After reviewing Dr Cummine's report I have concluded that he is correct in his assessment and that my diagnosis has been wrong. For all the reasons he has outlined, as well as other aspects that I have noted during the care of her, that now they are consistent with a diabetic Charcot's foot and the subsequent complications associated with treating her foot. This diagnosis makes complete sense.
  1. In a report of 21 August 2006, Dr Stening retreated from that view, remarking:-

In my last correspondence I concurred with Dr Cummine's assessment that the degenerative changes that have occurred in her foot can be attributed to a diabetic Charcot's type picture.

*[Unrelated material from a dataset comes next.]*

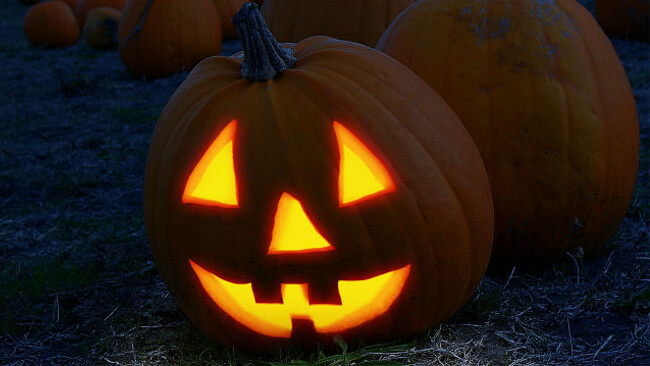 Mopinion: 3 moduri în care feedbackul online poate preveni o experiență înfricoșătoare a clienților - Dovleac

I also stated that ultimately with a Charcot's foot, the mid foot collapses.
Interestingly, the most recent x-rays do not show any sign of mid foot collapse. For this reason I am not convinced that the degenerative changes that have developed in the tarsometatarsal joint, particularly involving the first ray, are entirely due to a diabetic Charcot's foot.
...
In my original correspondence to you I felt that the changes were more consistent with an unrecognised lis frank injury and I now feel that this is the most likely diagnosis.
  1. Dr Stening returned to the topic in a report of 3 July 2007, then saying:-

I realise I have vacillated regard to definitive diagnosis for this lady but I now believe that the most likely diagnosis is one of a Charcot's arthropathy, that I did not recognise when I first instituted treatment for this lady.
  1. Also included in the voluminous quantity of other material were clinical notes of a Dr Chipps. That material included many reports from other doctors extending over the period from at least December 1992 to July 2006. Those reports demonstrate that Mrs Davidson suffered from numerous serious health problems and contain a very extensive history of these during that period. Indeed the reports lead to the view that there would be very few persons whose health has been the subject of such extensive expert consideration and remark by treating doctors.

  1. Included in the material are numerous references during reports of 1992, 1994, 1995, and 1997 to 1999 to Mrs Davidson's diabetes and variations in its manifestation. There are also references to symptoms of peripheral neuropathy and symptoms apparent in Mrs Davidson's lower limbs.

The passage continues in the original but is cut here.